Assuming we are in a $3$ dimensional oriented Euclidean vector space $V$ with a scalar product $\iota$, I want to show that:
A linear map $f:V\rightarrow V$ is anti self adjoint, i.e $f^*=-f$ if and only if there exists a vector $a \in V$ with $f(x) = a \times x$ for all $x \in V$.

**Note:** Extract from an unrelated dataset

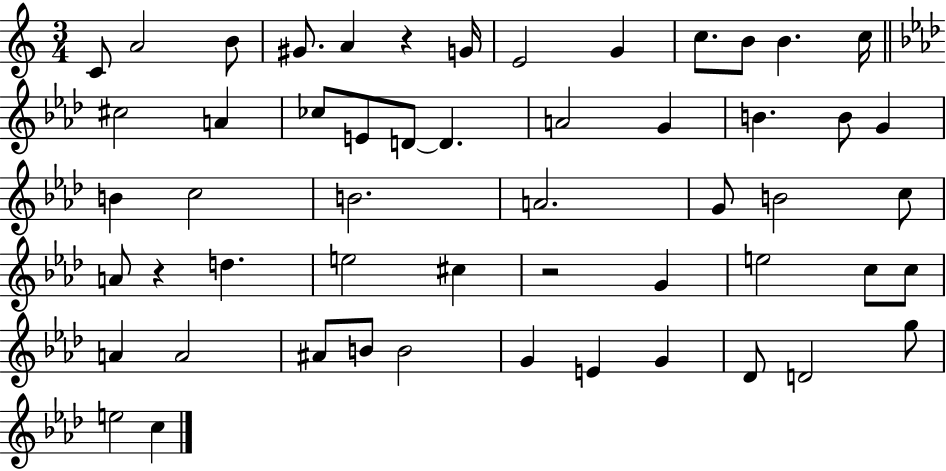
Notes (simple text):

C4/e A4/h B4/e G#4/e. A4/q R/q G4/s E4/h G4/q C5/e. B4/e B4/q. C5/s C#5/h A4/q CES5/e E4/e D4/e D4/q. A4/h G4/q B4/q. B4/e G4/q B4/q C5/h B4/h. A4/h. G4/e B4/h C5/e A4/e R/q D5/q. E5/h C#5/q R/h G4/q E5/h C5/e C5/e A4/q A4/h A#4/e B4/e B4/h G4/q E4/q G4/q Db4/e D4/h G5/e E5/h C5/q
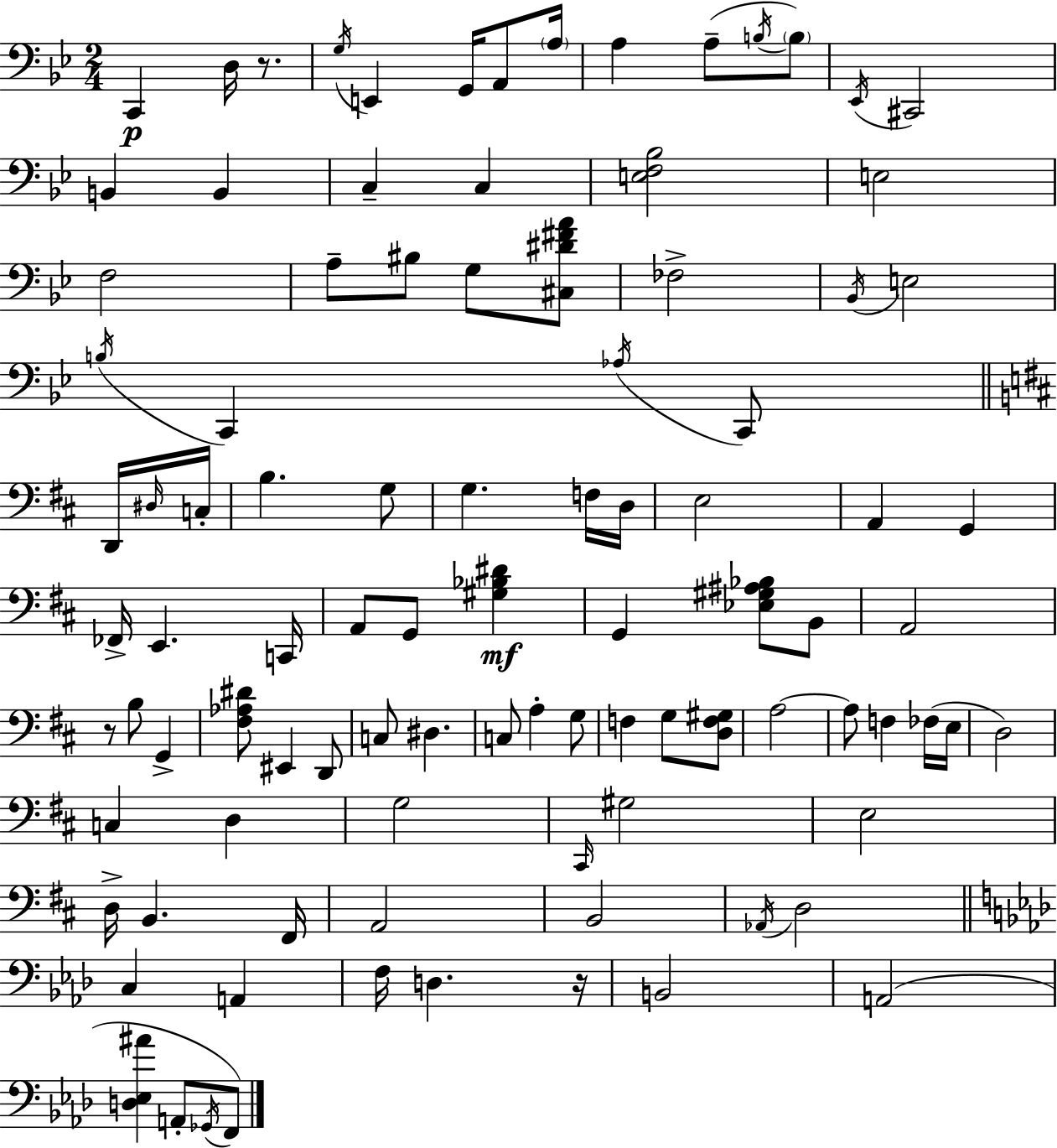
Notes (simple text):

C2/q D3/s R/e. G3/s E2/q G2/s A2/e A3/s A3/q A3/e B3/s B3/e Eb2/s C#2/h B2/q B2/q C3/q C3/q [E3,F3,Bb3]/h E3/h F3/h A3/e BIS3/e G3/e [C#3,D#4,F#4,A4]/e FES3/h Bb2/s E3/h B3/s C2/q Ab3/s C2/e D2/s D#3/s C3/s B3/q. G3/e G3/q. F3/s D3/s E3/h A2/q G2/q FES2/s E2/q. C2/s A2/e G2/e [G#3,Bb3,D#4]/q G2/q [Eb3,G#3,A#3,Bb3]/e B2/e A2/h R/e B3/e G2/q [F#3,Ab3,D#4]/e EIS2/q D2/e C3/e D#3/q. C3/e A3/q G3/e F3/q G3/e [D3,F3,G#3]/e A3/h A3/e F3/q FES3/s E3/s D3/h C3/q D3/q G3/h C#2/s G#3/h E3/h D3/s B2/q. F#2/s A2/h B2/h Ab2/s D3/h C3/q A2/q F3/s D3/q. R/s B2/h A2/h [D3,Eb3,A#4]/q A2/e Gb2/s F2/e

I was not quite sure how one can prove this but this is how I started for the direction from left to right:
Let $f^* = -f$. Then, if we choose an orthonormal basis $B=(b_1,b_2,b_3)$, the coordinate matrix of $f$ w.r.t $B$ is skew symmetric. If we then check what the vectors $b_i$ get mapped to, one can easily calculated that the $a$ w.r.t $B$ we are searching for must be $$\langle a^*,B\rangle = \left( \begin{array}{c} -d_{23} \\ d_{13} \\ -d_{12} \end{array} \right) $$ if the skew symmetric matrix of $f$ w.r.t $B$ is:
$$\langle B^*,f(B)\rangle = \left( \begin{array}{ccc} d_{11} & d_{12} & d_{13} \\ -d_{12} & d_{22} & d_{23} \\ -d_{13} & -d_{23} & d_{33} \end{array} \right)$$
The problem with this direction of the prove is, I look at the matrix above, then calculate what this matrix does to an arbitrary $x$ and then I see that if the diagonal elements of the above elements are zero, I can choose $a$ like above, so that $f(x) = a \times x$. My question is: How do I justify that the diagonal of the matrix above must be zero? It must somehow follow from $f$ being anti self adjoint, but I am not sure how.
Any help would be greatly appreciated!
I think your "anti-self-adjoint" condition means that $f(u)\cdot v= -u\cdot f(v)$. If your standard orthonormal basis is $e_1,e_2,e_3$ I think your $d_{ij}=f(e_i)\cdot e_j$. Then $d_{ii}=f(e_i)\cdot e_i=-e_i\cdot f(e_i)=-f(e_i)\cdot e_i=-d_{ii}$ so $d_{ii}=0$.